I am trying. I'm only using the Misadventures of Caroline the Copper Ingot to illustrate that what you're labeling as "intrinsic" utility is dependent on the tools, time and skill required, and especially the location suitable to the use of all three. And now that we've come to an agreement on terms, I think I know what we're debating: I'm saying all utility is extrinsic, because all utility is dependent on things other than the thing itself, and therefore the utility of fiat money being "extrinsic" is insufficient as a demarcation of commodity status.

Raymond said...

Tony, addendum:

I do realize Smith's example was imperfect and localized - this merely strengthens my point, however. The recognized utility of diamonds in his time and place was, shall we say, primarily aesthetic. His utility was not our utility. His value was not our value, nor the value of Bedouin wanderers or Polynesian fishermen.

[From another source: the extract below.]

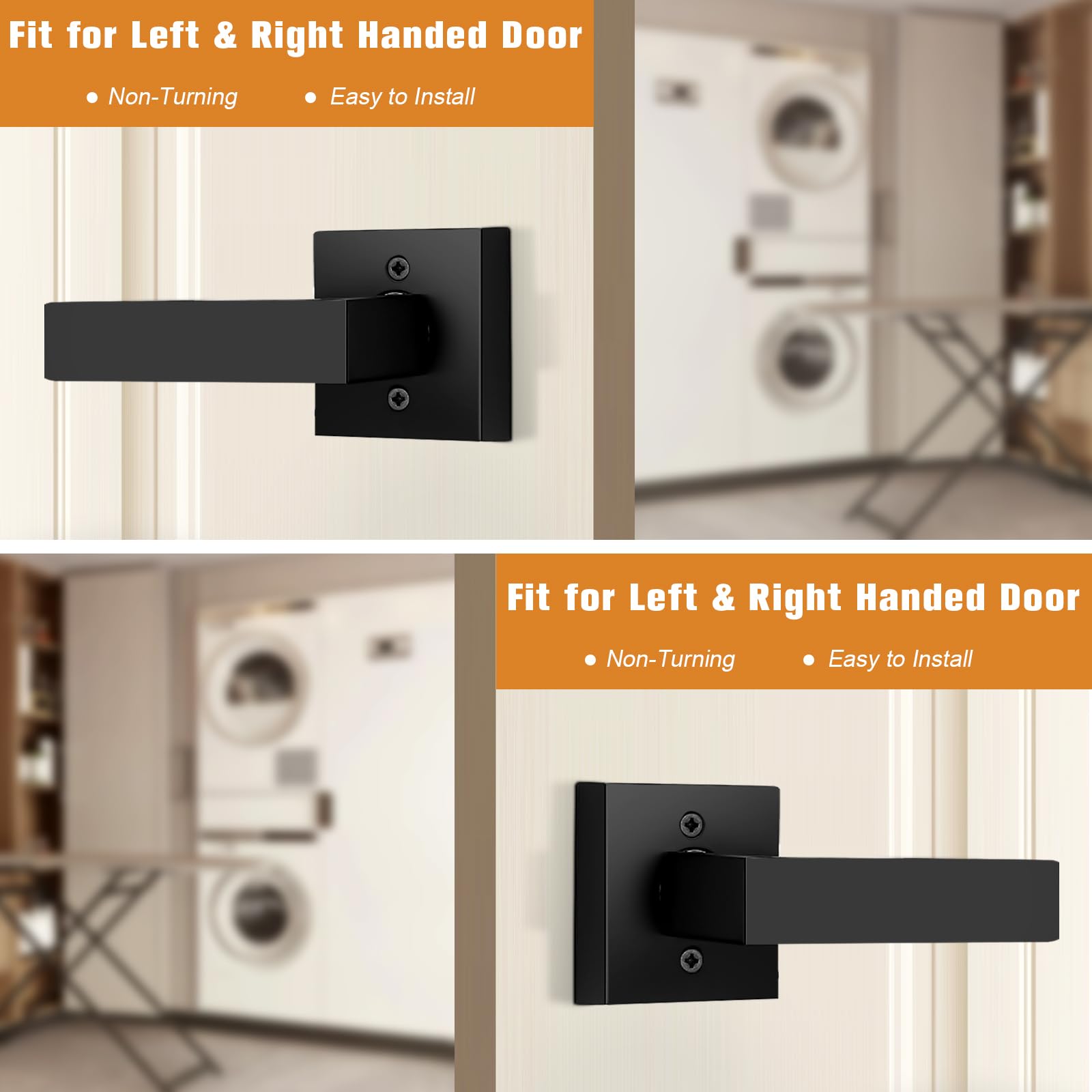 Probrico Matte Black Square French Door Handles - Heavy Duty Non-Turning Stainless Steel Dummy Levers (4 Pack) - Perfect for Closet, Balcony, Pantry & Interior Doors - Exposed Screw Design for Easy Installation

And I'm slightly confused: you include aesthetic utility in the intrinsic category, but utility as a medium of exchange in the extrinsic one. As aesthetics have a whole host of external dependencies, why the differentiation?

Tony said...

Raymond:

"And now that we've come to an agreement on terms, I think I know what we're debating: I'm saying all utility is extrinsic, because all utility is dependent on things other than the thing itself, and therefore the utility of fiat money being "extrinsic" is insufficient as a demarcation of commodity status."

This is how I make the distinction: if confidence in a fiat authority breaks down, rude people with guns won't rob you of your paper money, while they will rob you of your land, your food, your wife, your daughters -- even your copper ingots. Yes, there is a certain degree to which the value of intrinsic utility is enhanced by a large market and readily available means of production. But intrinsic utility itself never totally disappears.

Tony said...

Raymond:

"And I'm slightly confused: you include aesthetic utility in the intrinsic category, but utility as a medium of exchange in the extrinsic one. As aesthetics have a whole host of external dependencies, why the differentiation?"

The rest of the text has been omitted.